- [Work to complete]
After reading the data below, copy out every line that contains the word "Fall".

- [Records to use]
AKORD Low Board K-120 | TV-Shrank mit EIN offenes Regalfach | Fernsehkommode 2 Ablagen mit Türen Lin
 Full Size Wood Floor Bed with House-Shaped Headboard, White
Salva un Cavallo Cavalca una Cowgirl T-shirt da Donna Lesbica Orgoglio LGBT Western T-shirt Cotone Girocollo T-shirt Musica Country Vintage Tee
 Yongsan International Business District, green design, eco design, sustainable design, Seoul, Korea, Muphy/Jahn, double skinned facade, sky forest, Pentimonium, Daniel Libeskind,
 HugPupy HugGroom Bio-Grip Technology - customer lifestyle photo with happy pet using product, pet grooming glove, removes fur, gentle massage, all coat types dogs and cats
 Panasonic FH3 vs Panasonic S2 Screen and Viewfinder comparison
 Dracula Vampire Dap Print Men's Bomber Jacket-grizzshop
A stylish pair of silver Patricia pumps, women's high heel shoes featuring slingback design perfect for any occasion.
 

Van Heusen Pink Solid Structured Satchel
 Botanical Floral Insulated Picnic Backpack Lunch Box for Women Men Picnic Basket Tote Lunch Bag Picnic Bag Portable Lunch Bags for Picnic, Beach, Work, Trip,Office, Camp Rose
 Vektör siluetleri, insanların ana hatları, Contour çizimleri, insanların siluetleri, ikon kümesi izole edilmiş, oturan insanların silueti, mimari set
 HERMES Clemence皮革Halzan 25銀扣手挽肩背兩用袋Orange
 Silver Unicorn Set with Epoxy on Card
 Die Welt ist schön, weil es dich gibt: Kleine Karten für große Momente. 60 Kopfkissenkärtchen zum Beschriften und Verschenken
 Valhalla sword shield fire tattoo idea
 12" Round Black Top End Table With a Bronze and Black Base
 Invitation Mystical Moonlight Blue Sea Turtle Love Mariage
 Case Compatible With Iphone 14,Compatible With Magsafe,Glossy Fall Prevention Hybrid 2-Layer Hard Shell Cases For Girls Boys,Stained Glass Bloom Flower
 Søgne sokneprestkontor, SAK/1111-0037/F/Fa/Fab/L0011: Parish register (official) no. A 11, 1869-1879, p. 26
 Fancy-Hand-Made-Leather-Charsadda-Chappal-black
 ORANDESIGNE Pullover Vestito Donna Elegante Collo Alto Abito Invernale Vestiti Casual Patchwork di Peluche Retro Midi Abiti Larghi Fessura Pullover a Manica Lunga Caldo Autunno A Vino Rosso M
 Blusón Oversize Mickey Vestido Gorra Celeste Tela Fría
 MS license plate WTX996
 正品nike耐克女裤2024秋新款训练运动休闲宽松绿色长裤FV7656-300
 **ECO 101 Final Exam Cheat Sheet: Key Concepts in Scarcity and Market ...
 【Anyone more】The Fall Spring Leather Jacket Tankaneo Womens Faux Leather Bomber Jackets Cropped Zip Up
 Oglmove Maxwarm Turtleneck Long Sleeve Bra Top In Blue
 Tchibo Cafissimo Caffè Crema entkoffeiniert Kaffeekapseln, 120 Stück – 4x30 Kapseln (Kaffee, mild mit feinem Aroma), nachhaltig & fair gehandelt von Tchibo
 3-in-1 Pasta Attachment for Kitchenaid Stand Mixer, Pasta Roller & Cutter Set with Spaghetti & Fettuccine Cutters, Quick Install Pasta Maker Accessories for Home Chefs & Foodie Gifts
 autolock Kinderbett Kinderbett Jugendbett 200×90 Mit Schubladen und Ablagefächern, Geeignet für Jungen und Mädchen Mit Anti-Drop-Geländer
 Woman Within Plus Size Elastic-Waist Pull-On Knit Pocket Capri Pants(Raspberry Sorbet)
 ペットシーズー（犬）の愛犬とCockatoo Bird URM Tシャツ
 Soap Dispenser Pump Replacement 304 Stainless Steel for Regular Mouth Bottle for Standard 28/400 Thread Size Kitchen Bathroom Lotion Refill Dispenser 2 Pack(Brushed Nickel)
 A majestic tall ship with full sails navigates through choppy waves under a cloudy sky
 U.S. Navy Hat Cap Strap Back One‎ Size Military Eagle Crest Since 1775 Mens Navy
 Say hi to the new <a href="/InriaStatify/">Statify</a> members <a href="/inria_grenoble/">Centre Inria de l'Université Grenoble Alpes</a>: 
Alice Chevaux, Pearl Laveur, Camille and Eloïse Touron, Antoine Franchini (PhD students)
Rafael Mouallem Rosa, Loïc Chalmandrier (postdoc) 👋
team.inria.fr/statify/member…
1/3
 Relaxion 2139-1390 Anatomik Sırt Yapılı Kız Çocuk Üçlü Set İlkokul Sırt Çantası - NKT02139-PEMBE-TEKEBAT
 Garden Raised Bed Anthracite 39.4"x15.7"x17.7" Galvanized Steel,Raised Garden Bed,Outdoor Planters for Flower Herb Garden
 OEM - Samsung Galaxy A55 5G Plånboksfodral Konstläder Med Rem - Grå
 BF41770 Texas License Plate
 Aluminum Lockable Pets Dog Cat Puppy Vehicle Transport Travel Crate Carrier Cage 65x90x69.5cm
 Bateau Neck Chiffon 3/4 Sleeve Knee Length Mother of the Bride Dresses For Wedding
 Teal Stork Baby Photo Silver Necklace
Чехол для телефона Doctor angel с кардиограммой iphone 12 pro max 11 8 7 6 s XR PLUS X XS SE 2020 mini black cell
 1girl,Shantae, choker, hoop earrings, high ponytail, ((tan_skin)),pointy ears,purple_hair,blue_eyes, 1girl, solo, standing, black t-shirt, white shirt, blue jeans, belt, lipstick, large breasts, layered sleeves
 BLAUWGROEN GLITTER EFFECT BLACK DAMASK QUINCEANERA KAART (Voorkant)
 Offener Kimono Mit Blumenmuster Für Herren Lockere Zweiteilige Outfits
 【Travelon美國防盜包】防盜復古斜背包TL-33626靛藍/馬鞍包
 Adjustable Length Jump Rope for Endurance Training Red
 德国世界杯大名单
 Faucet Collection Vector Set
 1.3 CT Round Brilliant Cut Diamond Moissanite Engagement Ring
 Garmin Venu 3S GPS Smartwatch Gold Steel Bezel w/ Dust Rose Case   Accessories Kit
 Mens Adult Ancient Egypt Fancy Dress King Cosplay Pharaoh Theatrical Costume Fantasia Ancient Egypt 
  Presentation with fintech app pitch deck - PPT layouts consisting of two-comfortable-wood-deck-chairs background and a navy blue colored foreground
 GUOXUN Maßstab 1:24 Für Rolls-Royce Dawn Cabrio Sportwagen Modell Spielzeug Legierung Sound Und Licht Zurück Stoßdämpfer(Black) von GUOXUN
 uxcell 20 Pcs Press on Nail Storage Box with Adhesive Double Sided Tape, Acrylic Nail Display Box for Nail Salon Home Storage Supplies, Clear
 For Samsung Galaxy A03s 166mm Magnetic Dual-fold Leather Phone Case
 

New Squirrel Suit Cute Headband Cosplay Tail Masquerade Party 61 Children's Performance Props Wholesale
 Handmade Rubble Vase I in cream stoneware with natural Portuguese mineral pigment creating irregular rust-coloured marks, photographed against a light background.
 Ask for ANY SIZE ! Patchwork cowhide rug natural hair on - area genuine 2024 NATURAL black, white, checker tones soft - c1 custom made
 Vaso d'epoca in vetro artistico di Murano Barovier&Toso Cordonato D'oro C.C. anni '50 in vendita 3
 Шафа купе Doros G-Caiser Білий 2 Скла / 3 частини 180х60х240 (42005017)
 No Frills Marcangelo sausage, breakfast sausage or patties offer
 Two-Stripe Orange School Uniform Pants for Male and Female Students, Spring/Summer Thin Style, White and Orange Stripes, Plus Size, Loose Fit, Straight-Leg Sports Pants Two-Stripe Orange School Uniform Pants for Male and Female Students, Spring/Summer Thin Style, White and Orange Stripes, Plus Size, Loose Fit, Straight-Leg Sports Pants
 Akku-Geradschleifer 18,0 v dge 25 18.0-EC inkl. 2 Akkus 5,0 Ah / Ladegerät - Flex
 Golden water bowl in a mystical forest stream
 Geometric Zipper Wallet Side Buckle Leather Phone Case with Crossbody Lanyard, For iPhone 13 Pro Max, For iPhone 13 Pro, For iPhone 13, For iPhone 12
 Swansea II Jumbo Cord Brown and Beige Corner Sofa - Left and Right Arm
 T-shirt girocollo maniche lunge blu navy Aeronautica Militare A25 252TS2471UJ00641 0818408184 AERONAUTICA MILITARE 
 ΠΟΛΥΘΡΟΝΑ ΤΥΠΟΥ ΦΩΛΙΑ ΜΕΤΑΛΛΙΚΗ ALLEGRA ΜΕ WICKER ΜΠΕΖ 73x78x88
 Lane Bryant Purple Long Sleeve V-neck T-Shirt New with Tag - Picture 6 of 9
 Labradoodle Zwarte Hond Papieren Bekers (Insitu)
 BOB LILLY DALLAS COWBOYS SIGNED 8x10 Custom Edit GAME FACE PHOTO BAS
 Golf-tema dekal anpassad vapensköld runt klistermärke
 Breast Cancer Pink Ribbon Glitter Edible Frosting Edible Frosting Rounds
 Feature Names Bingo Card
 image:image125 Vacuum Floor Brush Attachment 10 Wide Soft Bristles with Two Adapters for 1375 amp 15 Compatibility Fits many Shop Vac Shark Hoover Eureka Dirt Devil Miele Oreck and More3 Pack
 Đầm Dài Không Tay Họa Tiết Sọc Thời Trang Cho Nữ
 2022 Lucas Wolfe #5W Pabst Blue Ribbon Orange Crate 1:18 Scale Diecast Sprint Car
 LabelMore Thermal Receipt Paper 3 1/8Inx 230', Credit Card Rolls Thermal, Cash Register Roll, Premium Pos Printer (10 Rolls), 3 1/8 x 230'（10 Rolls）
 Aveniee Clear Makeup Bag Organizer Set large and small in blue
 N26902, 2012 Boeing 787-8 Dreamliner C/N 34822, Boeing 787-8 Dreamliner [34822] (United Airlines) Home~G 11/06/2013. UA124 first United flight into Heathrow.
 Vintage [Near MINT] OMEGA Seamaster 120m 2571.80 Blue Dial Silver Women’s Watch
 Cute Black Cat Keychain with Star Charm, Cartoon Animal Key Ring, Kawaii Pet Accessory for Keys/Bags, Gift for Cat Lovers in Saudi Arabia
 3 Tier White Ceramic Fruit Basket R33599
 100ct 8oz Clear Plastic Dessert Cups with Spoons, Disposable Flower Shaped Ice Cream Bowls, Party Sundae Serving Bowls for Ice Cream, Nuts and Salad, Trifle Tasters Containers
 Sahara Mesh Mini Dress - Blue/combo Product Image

- [Exercise response]
 Case Compatible With Iphone 14,Compatible With Magsafe,Glossy Fall Prevention Hybrid 2-Layer Hard Shell Cases For Girls Boys,Stained Glass Bloom Flower
 【Anyone more】The Fall Spring Leather Jacket Tankaneo Womens Faux Leather Bomber Jackets Cropped Zip Up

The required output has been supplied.